Besides, the possibility of a referral to the UNSC, with uncertain results
has already worried oil markets since either an embargo or a decision by Iran
that stops the country's daily crude oil supplies of 2.4 billion barrels could
make sharply escalate prices.
State-run print and electronic media last week echoed the taunting approach
of officialdom designed to give the impression that, as one publication said,
"The West does not dare to put Iran under any oil-export sanction, let
alone carry out military attacks."
Newspapers have quoted the spokesman of the Iranian foreign ministry, Hamid-Reza
Asefi, as saying, "We have well considered the probability of the sanctions,
and we are fully ready to cope with it."
But there were also notes of caution. Kamal Athari, a journalist and political
activist, said in an editorial in the daily Sarmayeh on Jan. 16 that
"challenging America through military and economic leverages is not wrong
tactics the erroneous strategy is in relying only on those tactics. Iran
should engage international organizations (such as the IAEA) and empower the
Islamic republic through democratization and justice in Iranian society."
This week, the Iranian establishment seems keen to heed Atahari's advice, at
least on engaging the IAEA and carrying on diplomatic lobbying, especially with
the nonaligned countries.
Alongside the baiting continues. Bragged Ahmadinejad: "They [EU troika]
talk tough against Iran's nuclear stance in front of TV cameras, but behind
the negotiation table, they flatter and beg us to compromise."
Abulhasan G., a media adviser for several privately owned multinational companies,
told IPS: "They [Iranian ruling establishment] are following a two-steps-forward,
one-step-backward policy. They speak and act tough only up to a point, but as
soon as things get critical they go back to speaking softly."
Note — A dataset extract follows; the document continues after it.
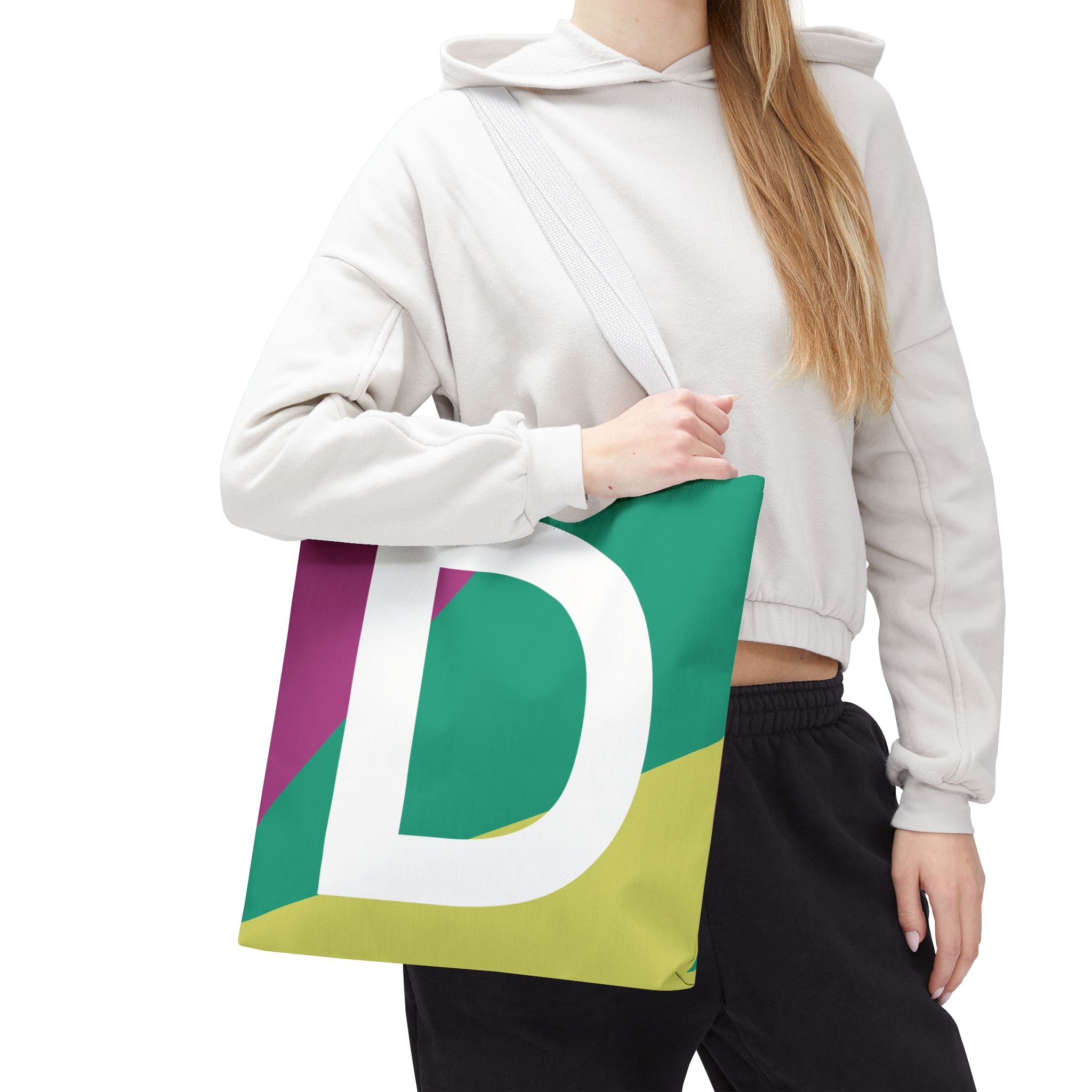 Monogram 'D' Colorblock Tote Bag — Personalized Initial D Shoulder Tote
Accordingly, while Tehran has called for resumed talks with the European troika,
its representative at the IAEA, Ali Asghar Soltaniyeh, has declared as "irreversible"
the decision to resume nuclear fuel research.
Amir Asalanian, a college lecturer, agreed with the analysis. "Two steps
forward was the president's press conference and resuming nuclear research activities,
and one step backward is the official statement of readiness to negotiate with
the EU troika and readiness to cooperate with IAEA inspectors."
"It seems there is a division of labor among Iranian officials: some are
assigned to speak tough and some to speak softly. But, on the whole, the nuclear
policy has consistency and is aimed at eventually indigenizing the nuclear fuel
cycle that is the bottom line," Abulhasan said.